We blogged about canceling American literature. A new effort to cancel Beethoven demonstrates that cancel culture is not really about race, sex, or gender at all. It is about canceling culture.
Beethoven’s Fifth Symphony starts with an anguished opening theme — dun dun dun DUNNNN — and ends with a glorious, major-key melody. Since its 1808 premiere, audiences have interpreted that progression from struggle to victory as a metaphor for Beethoven’s personal resilience in the face of his oncoming deafness.
Or rather, that’s long been the popular read among those in power, especially the wealthy white men who embraced Beethoven and turned his symphony into a symbol of their superiority and importance. For some in other groups — women, LGBTQ+ people, people of color — Beethoven’s symphony may be predominantly a reminder of classical music’s history of exclusion and elitism.
This sounds like the typical repudiation of artists who are “dead white males” on account of their failing to live up to the prevailing contemporary standards about race, sex, and gender. But the authors say nothing about Beethoven’s attitudes on those subjects at all!
In fact, as Daniel Lelchuk points out in his response to this article entitled Then They Came for Beethoven, the great composer was quite progressive–even radical–for his time. I am not aware of any conservatives who let Beethoven’s politics detract from their enjoyment and appreciation of his music. For them, politics is not everything. Art, music, literature, and other things that enrich our lives have an aesthetic dimension that cannot be reduced to politics, much less to the power and oppression reductionism of contemporary critical theory. But Sloan and Harding do not say anything about Beethoven’s political beliefs.

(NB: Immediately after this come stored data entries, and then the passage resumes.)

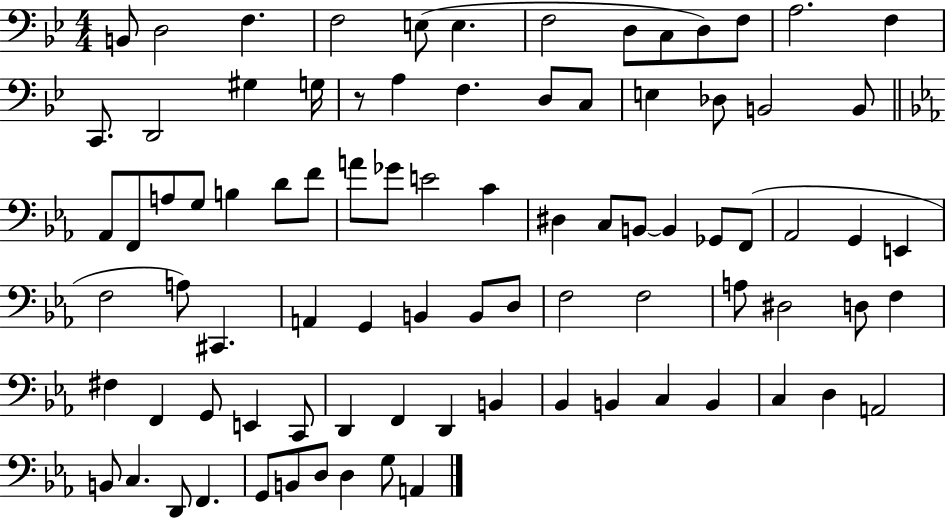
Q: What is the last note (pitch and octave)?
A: A2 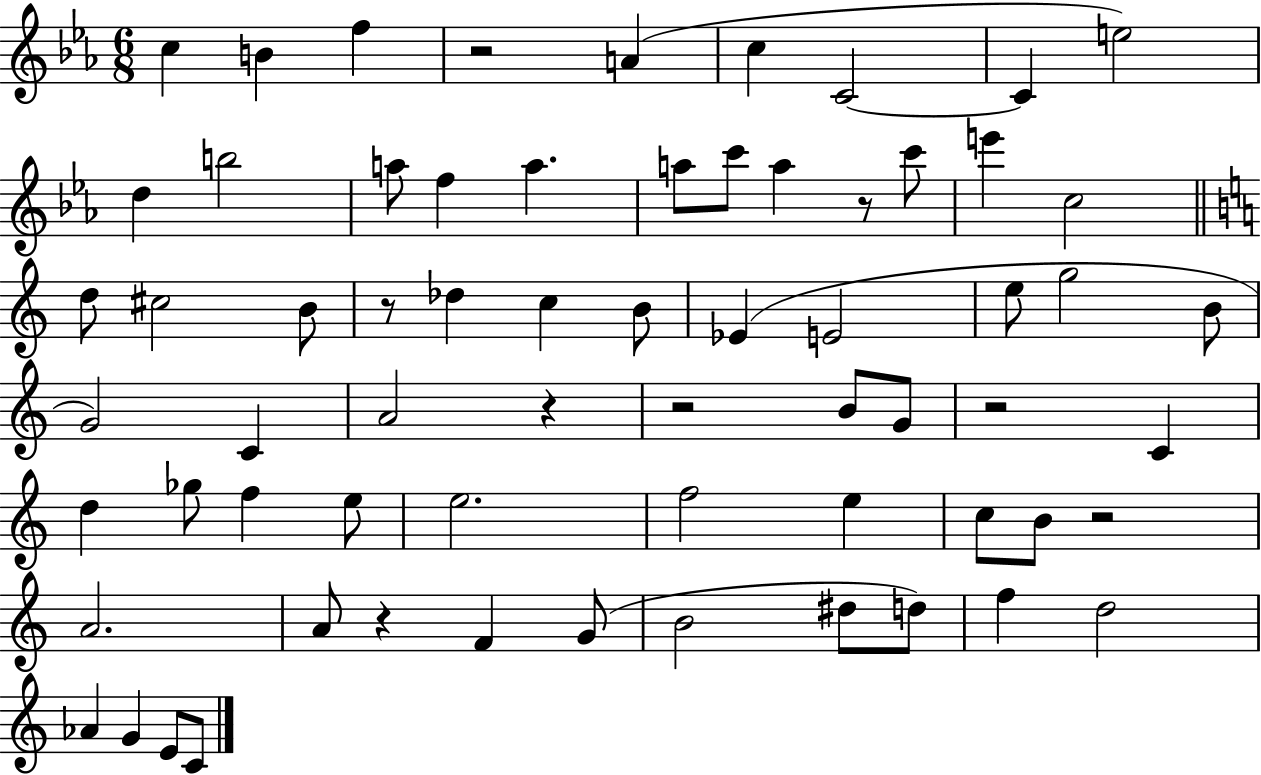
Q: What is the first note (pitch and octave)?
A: C5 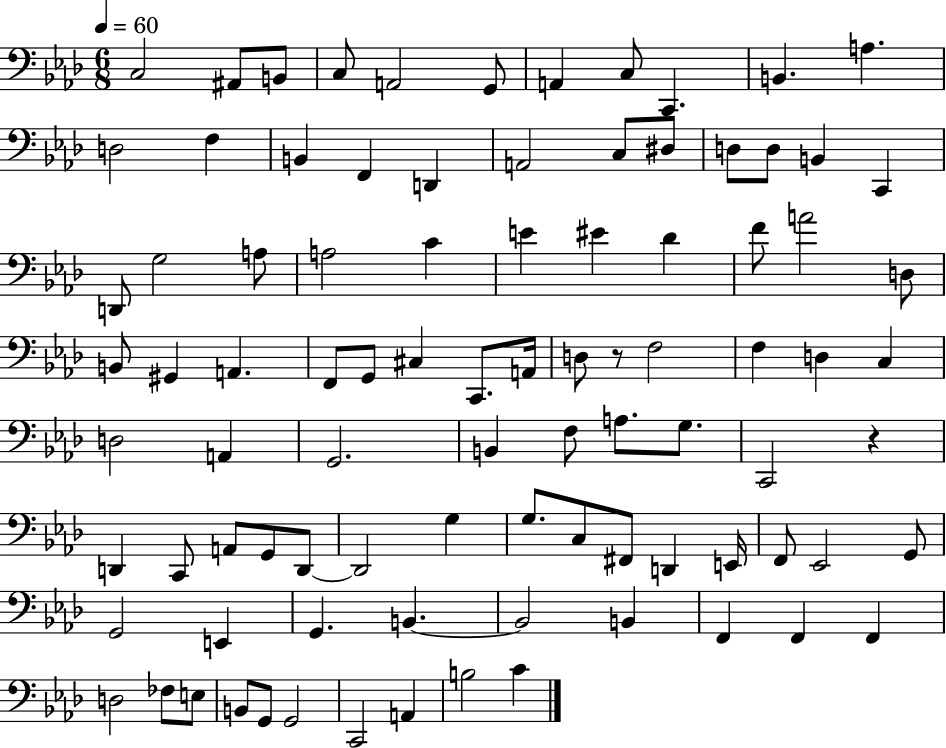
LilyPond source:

{
  \clef bass
  \numericTimeSignature
  \time 6/8
  \key aes \major
  \tempo 4 = 60
  c2 ais,8 b,8 | c8 a,2 g,8 | a,4 c8 c,4. | b,4. a4. | \break d2 f4 | b,4 f,4 d,4 | a,2 c8 dis8 | d8 d8 b,4 c,4 | \break d,8 g2 a8 | a2 c'4 | e'4 eis'4 des'4 | f'8 a'2 d8 | \break b,8 gis,4 a,4. | f,8 g,8 cis4 c,8. a,16 | d8 r8 f2 | f4 d4 c4 | \break d2 a,4 | g,2. | b,4 f8 a8. g8. | c,2 r4 | \break d,4 c,8 a,8 g,8 d,8~~ | d,2 g4 | g8. c8 fis,8 d,4 e,16 | f,8 ees,2 g,8 | \break g,2 e,4 | g,4. b,4.~~ | b,2 b,4 | f,4 f,4 f,4 | \break d2 fes8 e8 | b,8 g,8 g,2 | c,2 a,4 | b2 c'4 | \break \bar "|."
}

And their charge that Beethoven’s music excludes women, LGBTQ+ people, and people of color is wrong on its face. Do they not know how many gays and lesbians are in classical music? Do they not know how many women are in classical music? Do they not know how Beethoven’s music is loved around the world, by people of virtually every race and culture?
The reason Sloan and Harding charge Beethoven with being elitist and exclusionary is that his music, because of its structure and the way it is composed, requires close attention. They say that when people would attend concerts of Mozart and other earlier composers, they would stand up, applaud, and cheer throughout the performance. With Beethoven, that was not possible, or the audience would miss the music and its subtleties.
Concert etiquette, they say in their accompanying podcast, developed accordingly. Soon, as today, audiences were obliged to dress up, arrive on time, and be quiet during the performance.
This etiquette served the values of white people and turned attending classical music concerts into an upper-class, elitist activity for the wealthy. It became a class marker, setting apart the upper class from the vulgar masses.
But they themselves show that the etiquette evolved because of the nature of the music, not to signal class membership or to exclude anyone.
Furthermore, the criticisms of the “classist” nature of classical music are excruciatingly condescending and patronizing. Are they saying that black people don’t dress up? They obviously haven’t attended a black church, in which the congregation typically dresses much more formally and stylishly than is common in a white suburban megachurch. And that black people don’t show up on time? And that they can’t keep quiet? Aren’t these offensive racial stereotypes? Isn’t this racist?
True, classical music has become a niche taste, with little support from the mass commercial marketplace of pop music. Thus it depends on the patronage of wealthy donors and a smaller cohort of musically-educated ticket buyers. But don’t critical theorists disapprove of consumer capitalism?
Another musically sophisticated style of music with a similarly limited audience in the mass market is jazz, which also depends on donors, requires close listening, and has its own etiquette. Jazz is a black art form, both in its origins and in its artists, though it also has a largely affluent and well-educated white audience. But nobody is excluded, and there are lots of black jazz fans. The audience can applaud for a solo, but they are still paying close attention. Even in a club, it’s considered bad form to talk over a really good musician, reducing it to background music. And jazz fans, who know a lot about music, nearly universally respect Beethoven.